Another idea would be to check at the local community college, computer jobs boards online, or elsewhere and see if there are any reputable at-home computer jobs you could perform. Data entry, directory searches, etc. can all be done with a minimum of experience. But remember, NO at-home job worth its salt requires you to purchase anything -- no kits, no start-up costs, no initiation fees. NADA. These "jobs" abound and are
usually scams, or will exploit people in your situation, at the very least.

As for being a single mom at home with four children, you might want to create a home office (even a tiny enclosed area) where you can run to for phone calls or computer time, but still be available for a diaper change or a teenage phone crisis. As the mother of twins, you might also be in a unique position to assist other mothers of multiples -- call around the local support network and see what opportunities are waiting for you.

All the very best,

Q. I am a single 34 year old woman with two children. I have little help financially to support them, enough to pay rent and utilities. During the day while they are in school, I go to school. I am majoring as an Administrative Assistant. I always wanted to own my business and be my own boss. And at home would be perfect. I could wake up and send my children to school, clean house, work at my computer and still have dinner ready by the time they come home. This way I figured that I could serve the public and still be a full-time mom without over-exerting myself. Please give some suggestions on what I should do. I enjoy what I do, but don't want to leave home every day. I appreciate any suggestions. Thank You!

 A. Congratulations for taking the first step of the Entrepreneurial Parent: believing that it can be done! You're on your way! Your next step might be in one of two directions: you might do a complete audit of your household budget. Find out where you spend the most money with the least return. That return might not be financial, though. For example, you might discover that your day job creates more expense than
it pays for, and you might decide to turn on the turbos and start your business as soon as possible. Whatever the outcome, I believe being clear on where the money is and how it's being spent is critical.

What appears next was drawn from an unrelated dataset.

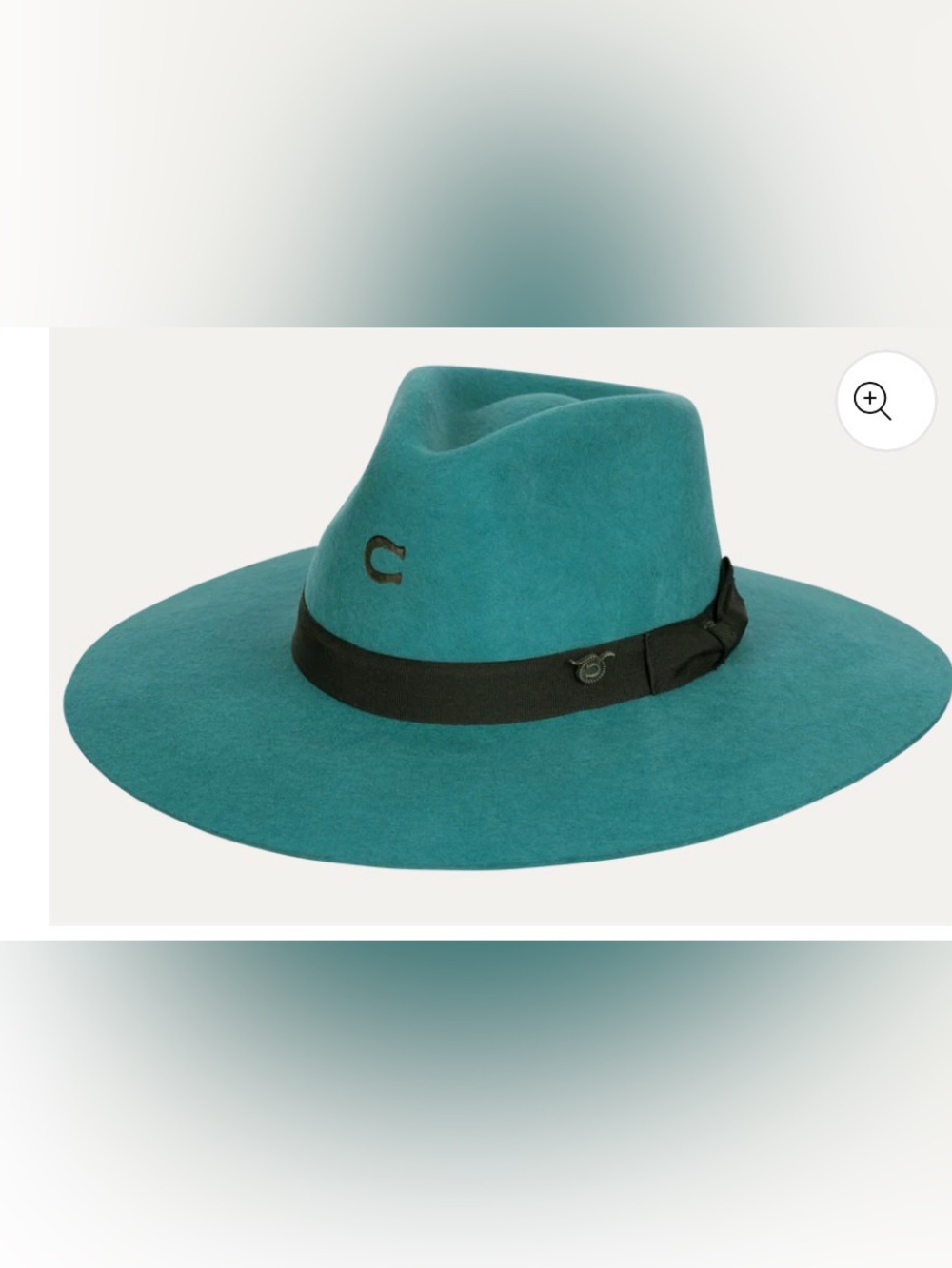 Charlie 1 Horse Highway Hat in Teal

Another direction in which to go is to do a long-term self-inventory. Find out what you really love doing, where your passion lies, and what kinds of at-home businesses will pay you to do exactly that! I recommend Zen and the Art of Making A Living: A Practical Guide to Creative Career Design by Lawrence C. Boldt and Do What You Are: Discover the Perfect Career for You Through the Secrets of Personality Type by Tieger and Barron-Tieger. Both books will give you lots of opportunity for self assessment, and an idea of where to start looking for a business or occupation that suits you to a T.
A final recommendation: hire a career consultant or a coach. Getting expert advice (beyond the great resources available at EP) in the early stages will most effectively insure success. I offer a free initial consultation and a short-term rate (see my services as an EP Coach at my Expert Page), and many other coaches do too. There might be career testing and expert resources available to you at your school as well. Check around and see.
You and your children deserve whatever you can do to create a home business, and it's never too late. And since your kids are in school, it's probably the perfect time. All the best!